Many of the women in the victim's group survive on less than $1 a day and like most Haitians, they struggle to obtain access to safe drinking water, education for their children and basic health care. That life in democratic Haiti is characterized by deteriorating humanitarian conditions is neither accidental nor inevitable, nor can it be attributed to the current embattled Haitian government.

In Creole, the language spoken by all but a small minority of Haitians, there is a common proverb, "Bay kout bliye; pote mak sonje," which means, "He who gives the blow forgets; he who bears the mark remembers." Such is the case in Haiti, where the many victims who can vividly describe the nature and cause of their suffering are often forgotten and silenced by the individuals, institutions and nations responsible for it.

In present day Haiti, the women that represented the heart and soul of the democratic movement now find themselves fighting to not become victims once again -- this time of the Haitian middle and upper classes and of American foreign policy towards Haiti.

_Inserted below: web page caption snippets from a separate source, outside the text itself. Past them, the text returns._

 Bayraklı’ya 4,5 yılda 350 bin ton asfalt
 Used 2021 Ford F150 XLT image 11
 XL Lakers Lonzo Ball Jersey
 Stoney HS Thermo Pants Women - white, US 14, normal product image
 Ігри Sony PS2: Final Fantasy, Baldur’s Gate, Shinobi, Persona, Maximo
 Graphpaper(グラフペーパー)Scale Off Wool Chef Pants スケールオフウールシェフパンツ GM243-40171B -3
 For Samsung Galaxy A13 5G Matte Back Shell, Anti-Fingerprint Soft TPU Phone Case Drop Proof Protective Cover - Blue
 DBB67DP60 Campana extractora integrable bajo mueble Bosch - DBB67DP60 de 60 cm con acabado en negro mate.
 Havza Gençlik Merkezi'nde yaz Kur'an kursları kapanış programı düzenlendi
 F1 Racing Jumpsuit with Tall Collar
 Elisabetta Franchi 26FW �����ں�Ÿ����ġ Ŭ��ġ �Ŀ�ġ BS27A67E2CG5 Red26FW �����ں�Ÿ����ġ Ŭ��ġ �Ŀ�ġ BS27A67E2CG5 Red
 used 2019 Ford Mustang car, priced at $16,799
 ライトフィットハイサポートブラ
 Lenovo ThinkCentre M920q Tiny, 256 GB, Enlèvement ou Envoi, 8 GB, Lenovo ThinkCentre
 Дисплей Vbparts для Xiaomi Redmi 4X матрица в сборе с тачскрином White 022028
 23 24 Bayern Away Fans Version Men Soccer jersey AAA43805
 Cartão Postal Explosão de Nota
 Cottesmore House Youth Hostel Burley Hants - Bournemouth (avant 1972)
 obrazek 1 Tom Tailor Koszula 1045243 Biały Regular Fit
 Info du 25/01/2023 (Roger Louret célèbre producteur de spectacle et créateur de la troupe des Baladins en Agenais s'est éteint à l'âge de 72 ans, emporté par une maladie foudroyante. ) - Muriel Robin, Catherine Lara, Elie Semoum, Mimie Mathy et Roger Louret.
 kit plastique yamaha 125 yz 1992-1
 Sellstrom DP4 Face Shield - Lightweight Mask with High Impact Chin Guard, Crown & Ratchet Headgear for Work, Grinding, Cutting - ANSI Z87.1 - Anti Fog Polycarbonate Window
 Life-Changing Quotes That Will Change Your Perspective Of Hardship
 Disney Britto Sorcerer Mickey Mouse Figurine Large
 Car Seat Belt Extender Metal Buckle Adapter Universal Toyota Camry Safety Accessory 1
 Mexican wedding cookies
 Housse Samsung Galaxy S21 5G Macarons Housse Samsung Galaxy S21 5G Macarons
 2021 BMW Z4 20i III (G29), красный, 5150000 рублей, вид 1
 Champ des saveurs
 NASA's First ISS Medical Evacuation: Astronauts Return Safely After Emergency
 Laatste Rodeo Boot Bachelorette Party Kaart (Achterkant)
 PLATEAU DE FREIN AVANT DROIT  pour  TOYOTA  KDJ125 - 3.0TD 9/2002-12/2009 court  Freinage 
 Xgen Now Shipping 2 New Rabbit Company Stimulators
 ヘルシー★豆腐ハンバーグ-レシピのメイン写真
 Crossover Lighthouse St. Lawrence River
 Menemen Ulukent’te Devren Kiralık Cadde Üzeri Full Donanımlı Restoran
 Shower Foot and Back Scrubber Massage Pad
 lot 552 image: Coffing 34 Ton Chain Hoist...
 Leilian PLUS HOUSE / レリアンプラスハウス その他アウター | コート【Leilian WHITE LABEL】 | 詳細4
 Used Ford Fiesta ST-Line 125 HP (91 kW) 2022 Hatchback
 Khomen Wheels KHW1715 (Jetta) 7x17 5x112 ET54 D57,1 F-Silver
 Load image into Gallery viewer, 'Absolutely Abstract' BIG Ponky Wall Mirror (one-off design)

Consistent with its policies elsewhere in Latin America, the United States has single-handedly led efforts to undermine the transition to popular democracy in Haiti. It blocked the disbursement of $500 million in multilateral humanitarian aid to the government -- money allocated for public health, education and clean water -- citing alleged electoral problems. The aid embargo has had a devastating impact on the health and welfare of the Western Hemisphere's poorest population and constitutes a violation of economic and social rights as guaranteed by the International Covenant on Economic and Social rights.

At the same time, the United States has continued to finance a political opposition that has consistently refused to engage in dialogue necessary for legislative elections to occur and has been responsible for the recent violence sweeping through the country. Rather than recognizing the true authors of this violence, it has instead blamed the Haitian government and suggested the need for a "regime change." In effect, the United States has arrested the process of institution building in a country with virtually no history of democratic governance and further destabilized the government.

It is true, as the opposition contends, that the Haitian government is not perfect, and pressure needs to be exerted on it to reform more quickly. But this can not happen if the United States and the international community undermine its legitimacy, deny it the tools to move forward and sow divisions within an already polarized population.

The United States has been enabled in its efforts by journalists who fail to understand the historical and social contexts of the current situation and systematically distort the truth in their coverage of the country. Much of what I have seen mainstream journalists -- including those from the two major wire services, The Associated Press and Reuters -- report in recent months has been either factually incorrect or marred by serious and intentional omissions of information. Most importantly, journalists have grossly misrepresented public opinion and in doing so re-silenced the poor majority of the Haitian population. The United States has also been aided by a Haitian civil society populated by a middle class that many of the Haitians with whom I converse daily regard as having exploited them to advance their own political or economic ends. The women in the victim's group view the current crisis as little more than class warfare supported by international powers who have never had their interests at heart.

Last week, the women victim's group concluded its reflection by reaffirming its commitment to the fight for justice for all Haitians. Until we each understand the sacrifices that these women and the Haitian people have made for democracy, the United States can not offer an imperialistic foreign policy that has failed elsewhere as an alternative to the popular will. It is time that the United States recognizes the real causes for Haiti's crisis and begins to see the Haitian people as its solution.